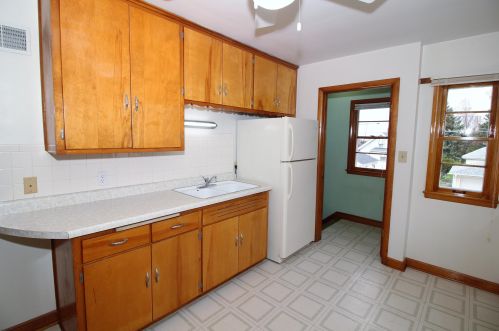 2128 58, Milwaukee WI 53219-1540 exterior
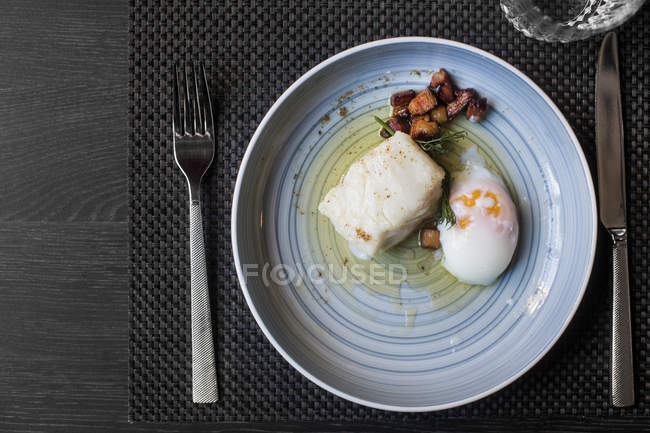 Vista dall'alto del piatto con pesce e uovo in camicia — Foto stock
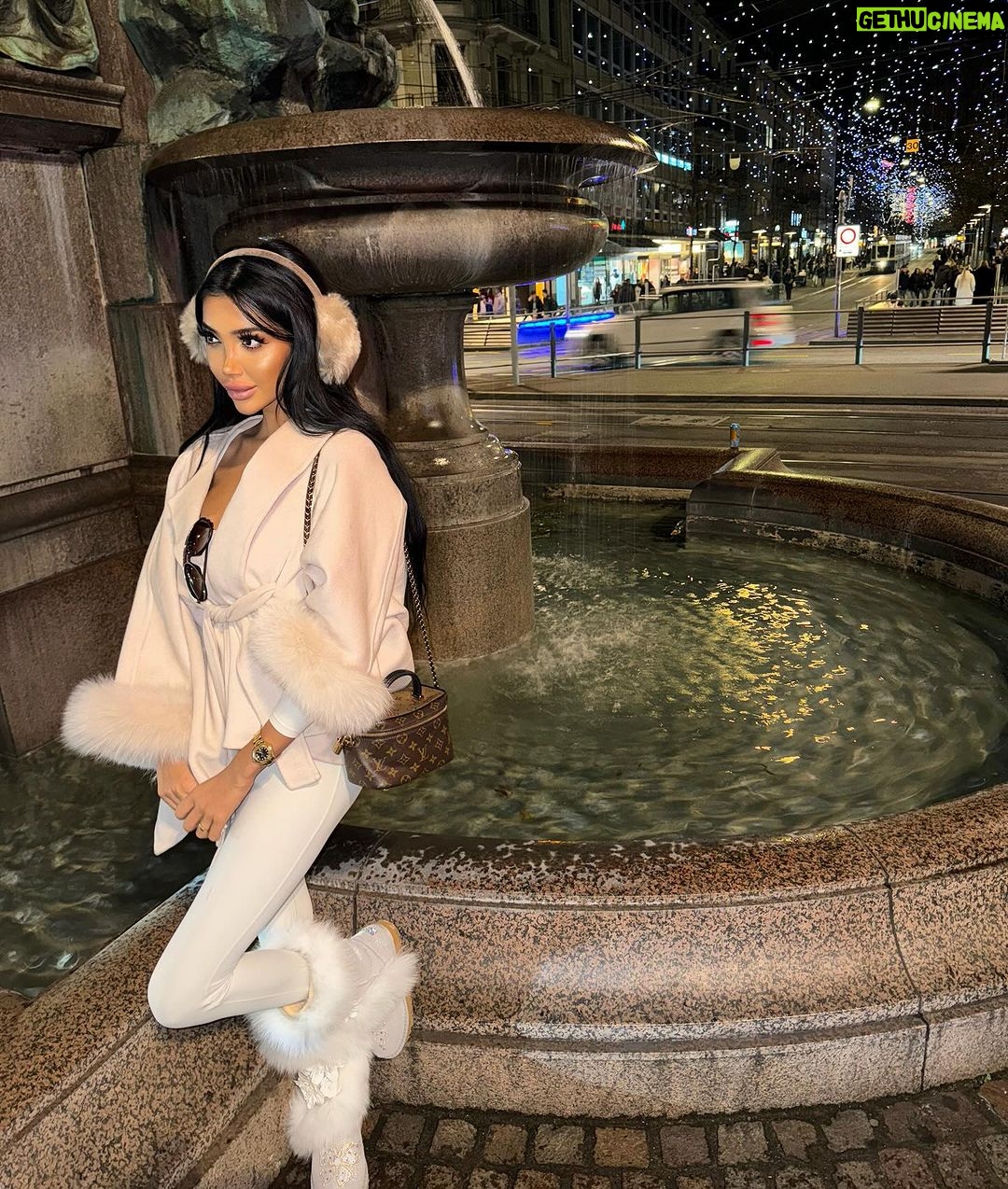 Chloe Khan Instagram - I 🩶 winter fashion Zürich, Switzerland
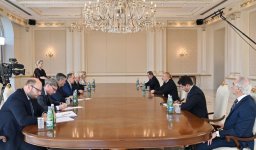 Prezident İlham Əliyev Rusiyanın xarici işlər naziri Sergey Lavrovu qəbul edib (YENİLƏNİB) (FOTO)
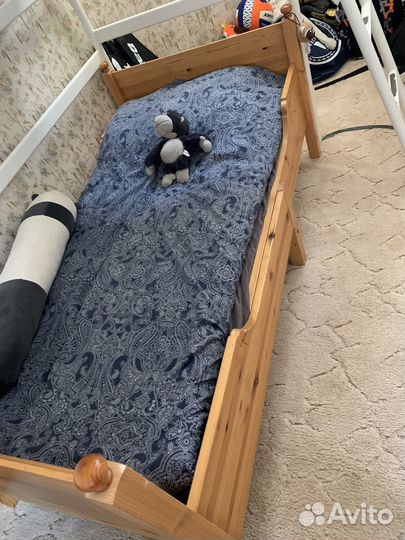 Раздвижная кровать IKEA лексквик с матрасом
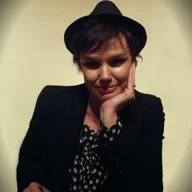 Claire Nebout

■ Work order ■
Leave out the pictures, and retype exactly the lines from the one containing "Vista dall'alto del" through the last line of the data above, no more and no less.

■ Solution ■
 Vista dall'alto del piatto con pesce e uovo in camicia — Foto stock
 Chloe Khan Instagram - I 🩶 winter fashion Zürich, Switzerland
 Prezident İlham Əliyev Rusiyanın xarici işlər naziri Sergey Lavrovu qəbul edib (YENİLƏNİB) (FOTO)
 Раздвижная кровать IKEA лексквик с матрасом
 Claire Nebout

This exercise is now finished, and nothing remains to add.